:: Given information ::

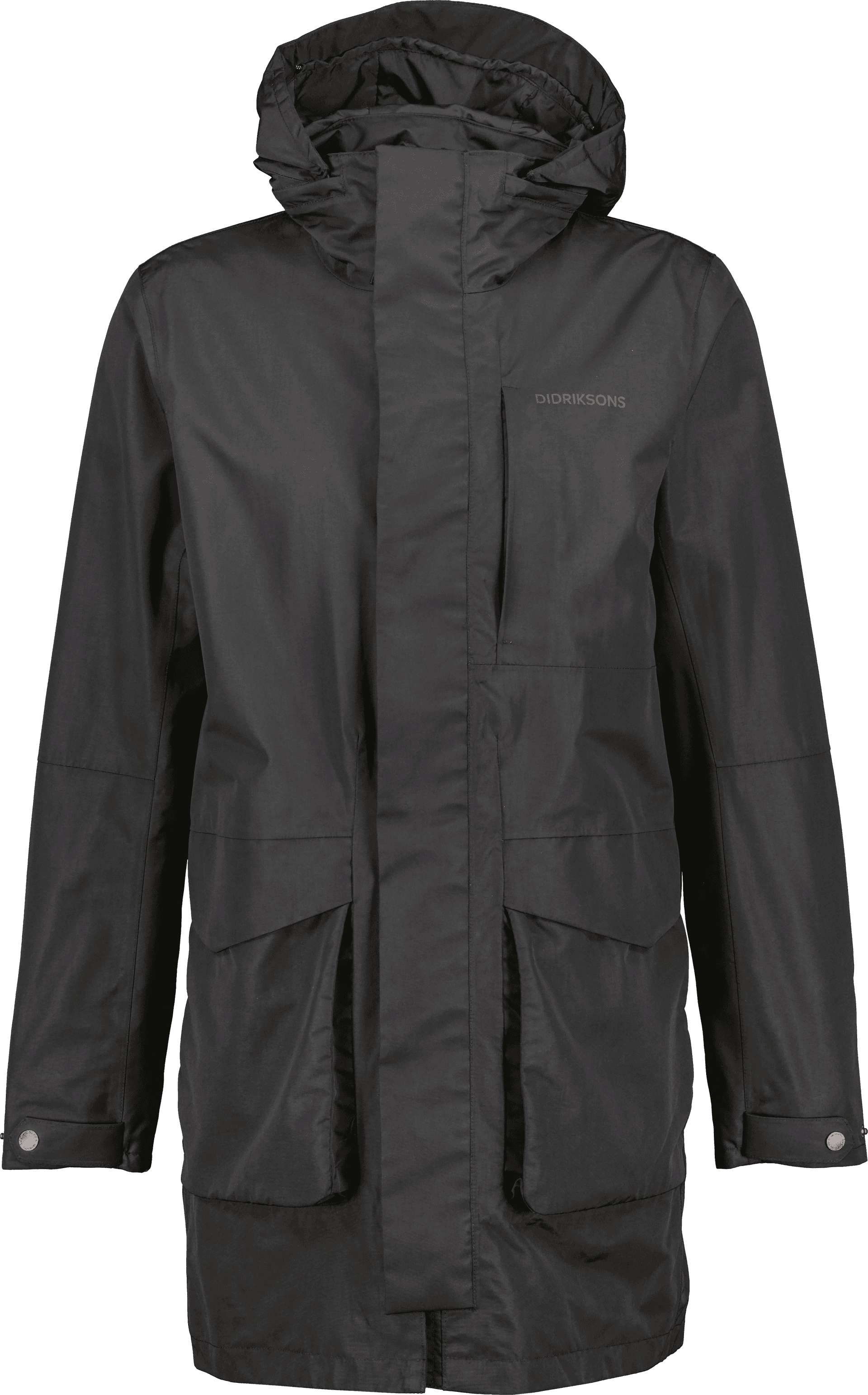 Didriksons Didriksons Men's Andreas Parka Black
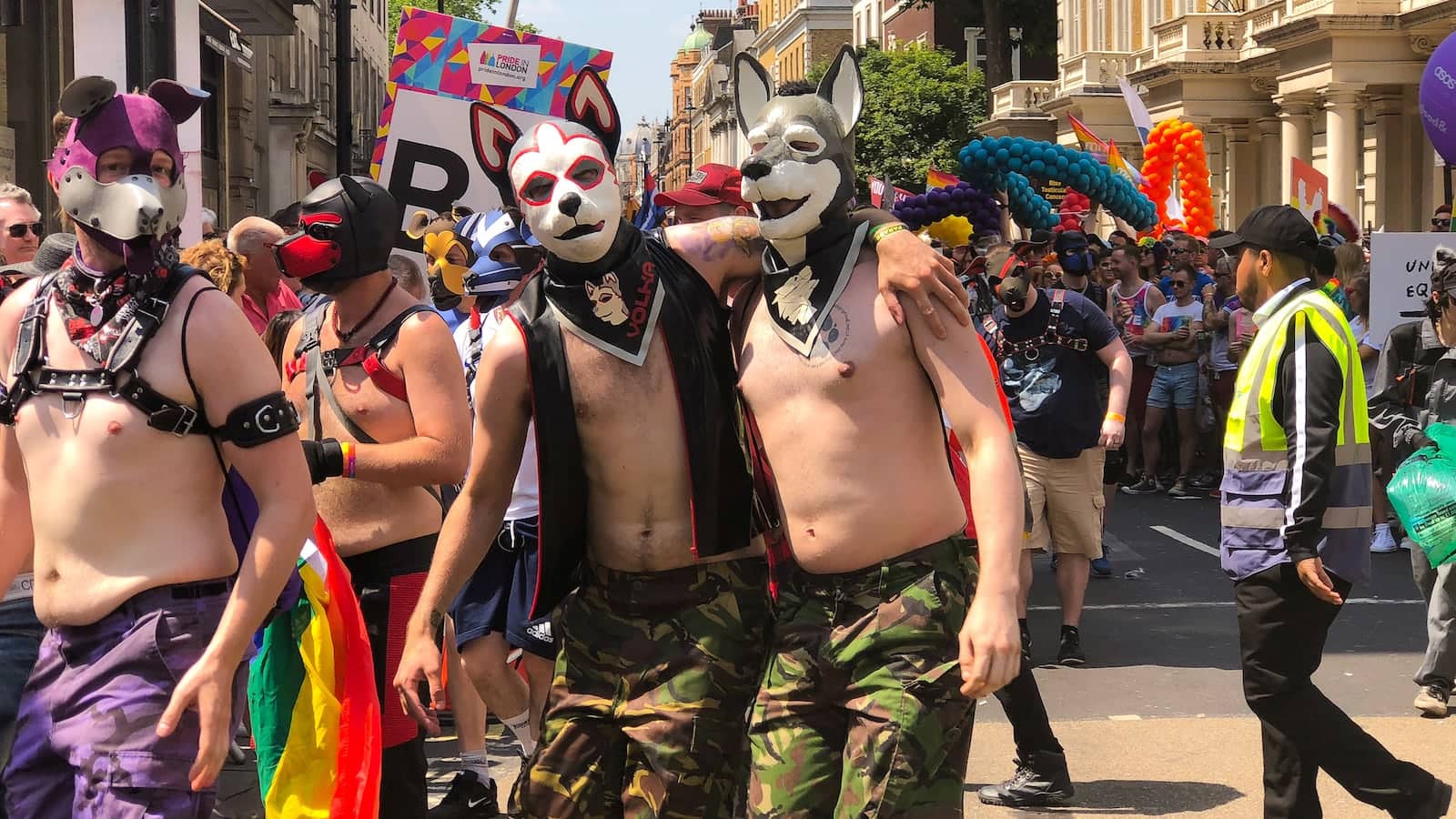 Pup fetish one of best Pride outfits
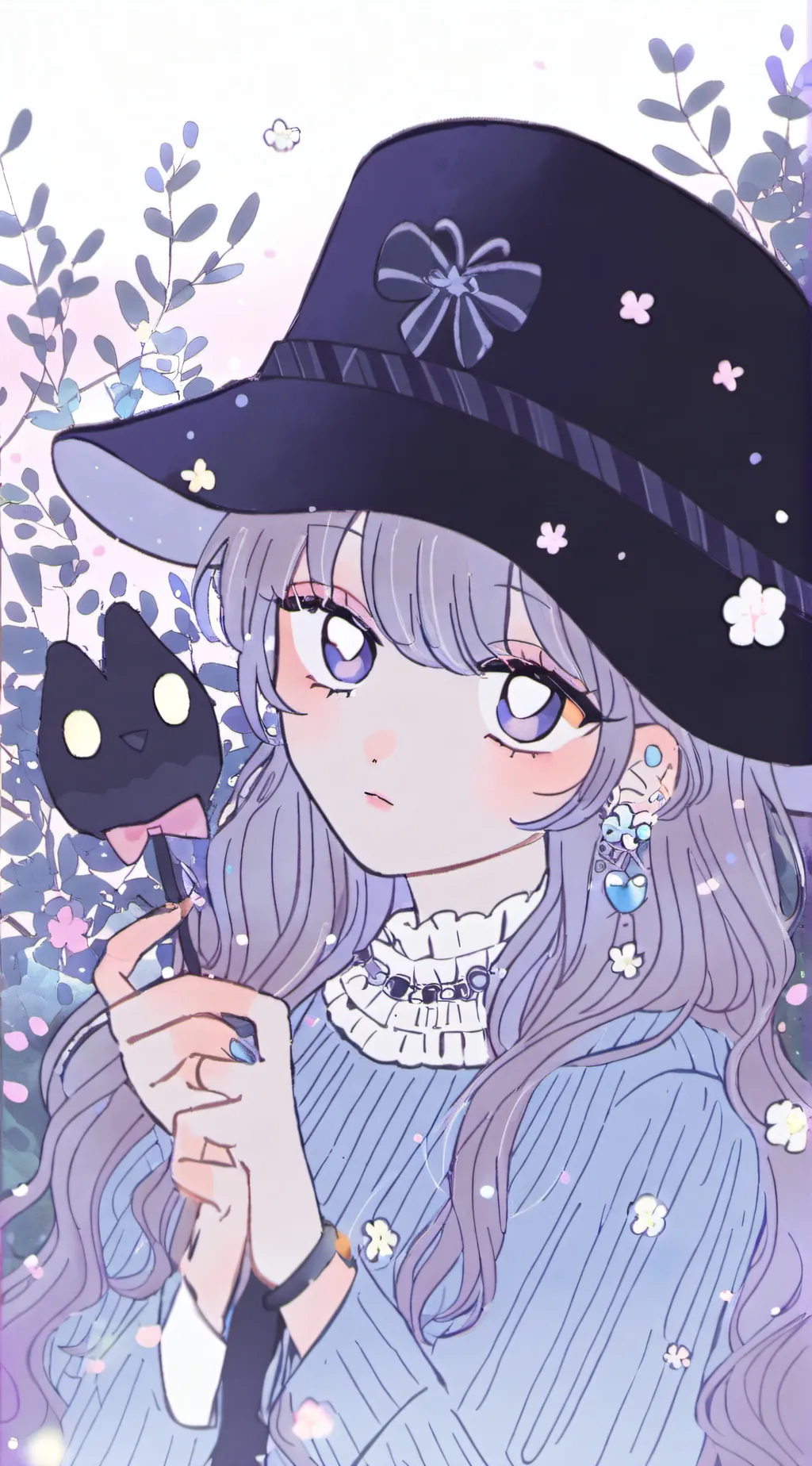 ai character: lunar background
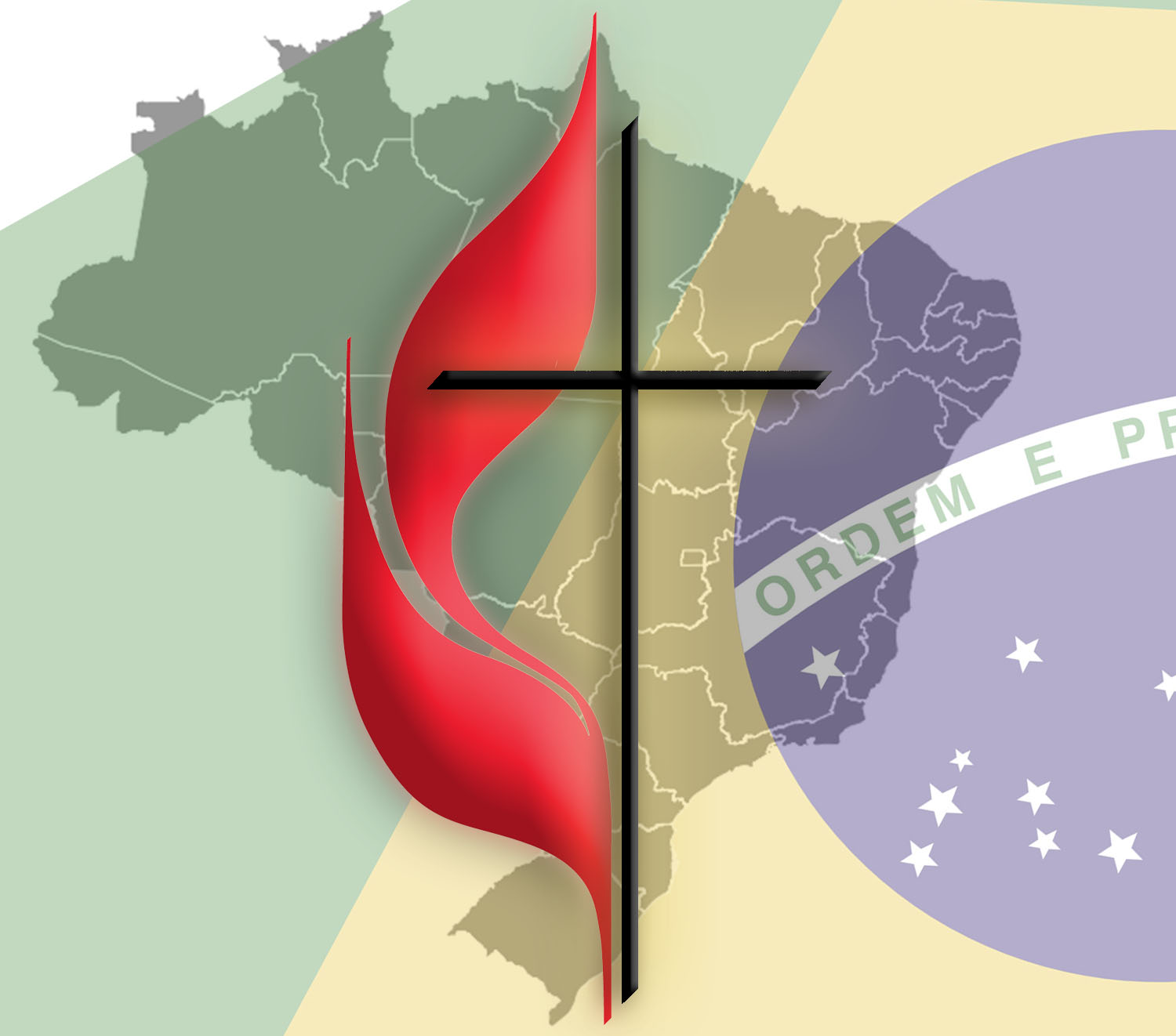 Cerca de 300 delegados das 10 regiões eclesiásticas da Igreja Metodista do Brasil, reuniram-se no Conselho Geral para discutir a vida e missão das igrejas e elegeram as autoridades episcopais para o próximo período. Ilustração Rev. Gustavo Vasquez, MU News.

:::

• **Aim of the exercise**
Your answer must be an exact copy of the data above, minus its pictures.

• **Task solution**
 Didriksons Didriksons Men's Andreas Parka Black
 Pup fetish one of best Pride outfits
 ai character: lunar background
 Cerca de 300 delegados das 10 regiões eclesiásticas da Igreja Metodista do Brasil, reuniram-se no Conselho Geral para discutir a vida e missão das igrejas e elegeram as autoridades episcopais para o próximo período. Ilustração Rev. Gustavo Vasquez, MU News.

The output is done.